→ The problem
Starting at the top of the listing, extract every line up to and including the one with "Sean Paul - We Be Burnin". Pictures stay out of the copy.

→ Given material
▶

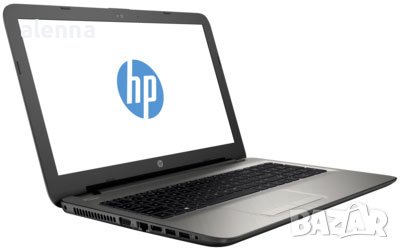 15.6" Лаптоп Laptop HP Notebook 15-ac003nf, снимка 1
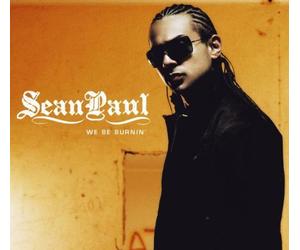 Sean Paul - We Be Burnin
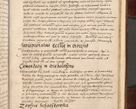 Zdjęcie nr 619 dla obiektu archiwalnego: Volumen I-um actorum coram R. D. Petro Tomicki, episcopo Cracoviensi et Regni Poloniae Vicecancellario, annoru 1524 a mense Aprili, 1525, 1526, 1527, 1528 et 1529 inclusive, quoeum indicem ad finem eiusdem voluminis videre licet.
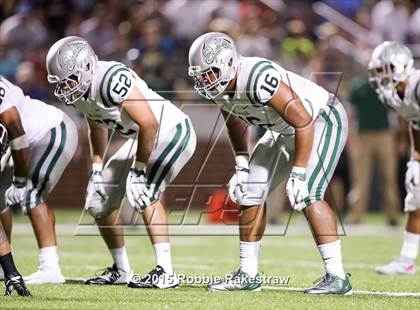Thumbnail 1 in Trinity vs. De La Salle photogallery.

◀

→ Response
 15.6" Лаптоп Laptop HP Notebook 15-ac003nf, снимка 1
 Sean Paul - We Be Burnin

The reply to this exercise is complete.